Bedingfield: My favorite player, Lefty Brewer

From Gary Bedingfield at The National Pastime Museum on December 30, 2013:

When I first started researching ballplayers who served in the military during World War II, I stumbled upon a little-known fellow named Lefty Brewer. Lefty had enjoyed a successful career pitching in the minors during the late 1930s but never made it to the big leagues. The war saw to that. 

Lefty lost his life fighting for his country. For that, and many other things, he has become my hero and my all-time favorite player. We will never know how often he reflected on his baseball career during those final days of his life. Perhaps it went something like this:

Dropping his ball glove to the ground and kneeling down to tie the laces on his paratrooper jump boots, Lefty Brewer looked up at the crowd in the stands and then at his fellow paratrooper infielders. Briefly, his mind drifted back to the summer of 1938 – six years earlier – when the smell of roasted peanuts had filled the air, and this tall, slender 19-year-old left-handed pitcher had unleashed a season of blistering fastballs on his way to a 25-win rookie season as a professional baseball player.

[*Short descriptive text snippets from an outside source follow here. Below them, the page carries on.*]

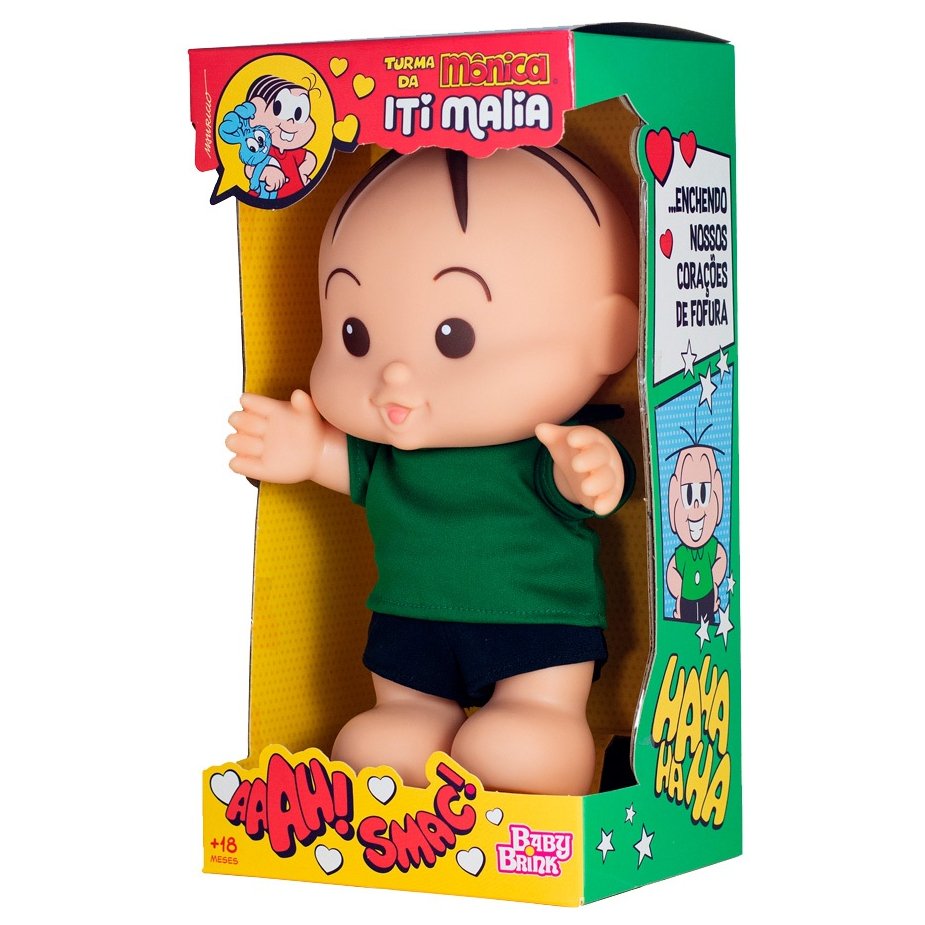 BONECO CEBOLINHA ITI MALIA ORIGINAL TURMA DA MÔNICA | Shopee Brasil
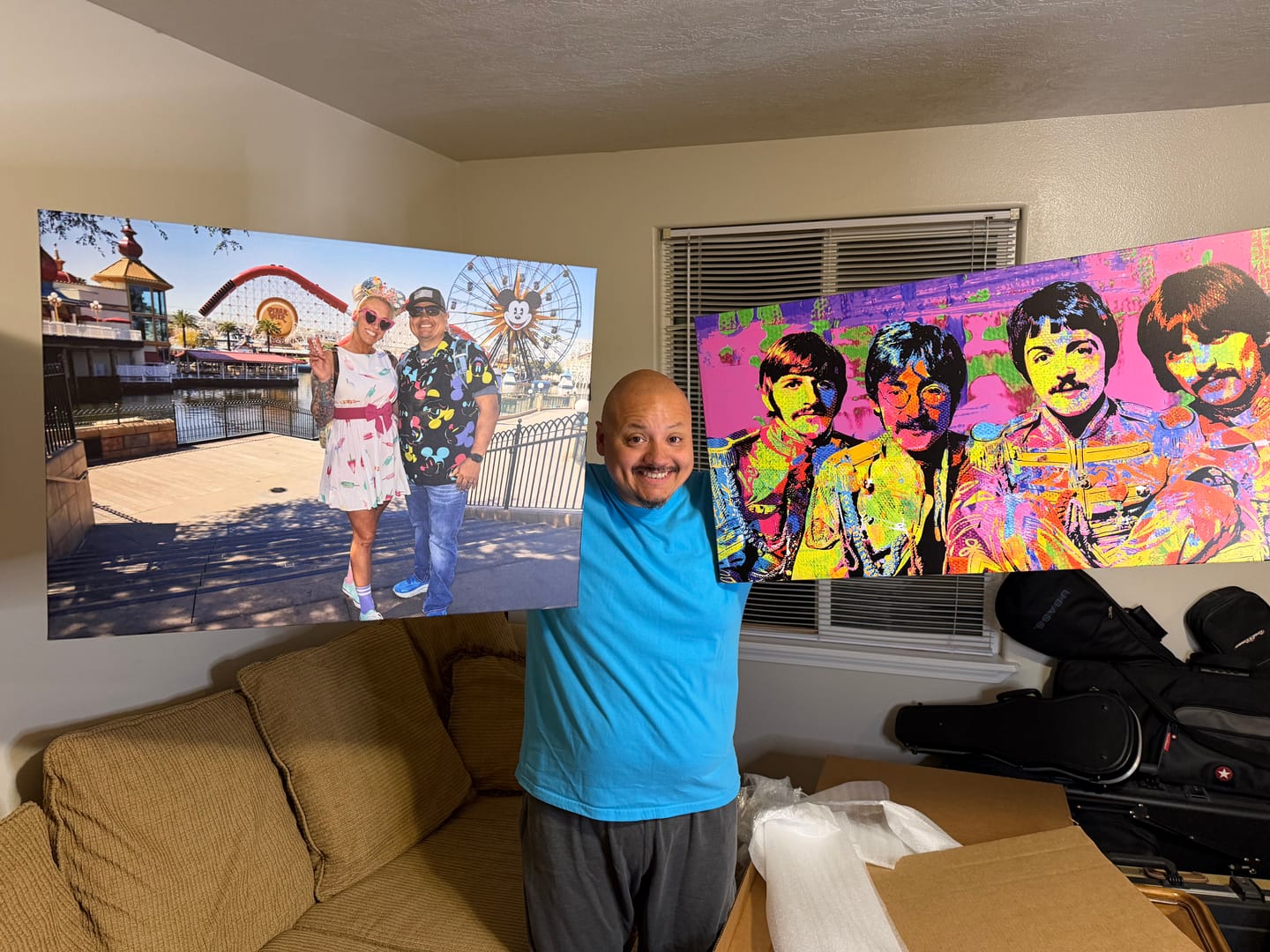 Customer photo review of Create Your Own Legendary Wall Art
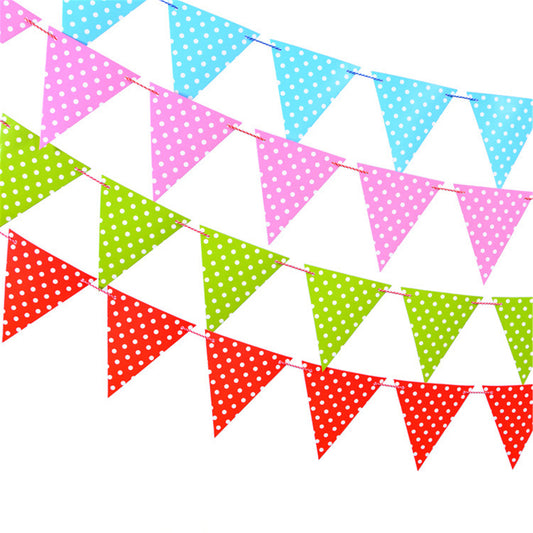 Triangle pull flag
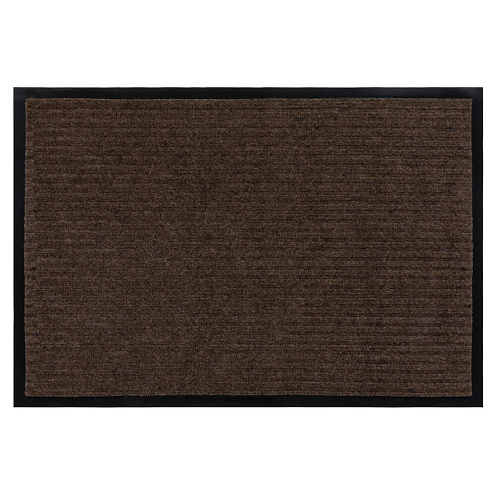 Коврик влаговпитывающий "Трин" 0,6х0,9м коричневый: фотография 1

Returning to his feet and wiping a sweaty palm on his khaki pants, Lefty realized that only the game remained the same. No longer was he pitching for the St. Augustine Saints in the Florida State League, and no longer were his teammates eager young men hoping to get a shot at the big leagues. This day was May 28, 1944, and Lefty was in England, dressed in his paratrooper fatigues because that is all he had, pitching for the 508th Parachute Infantry Regiment before an enthusiastic crowd of 7,000 who were more accustomed to watching soccer, rugby or cricket.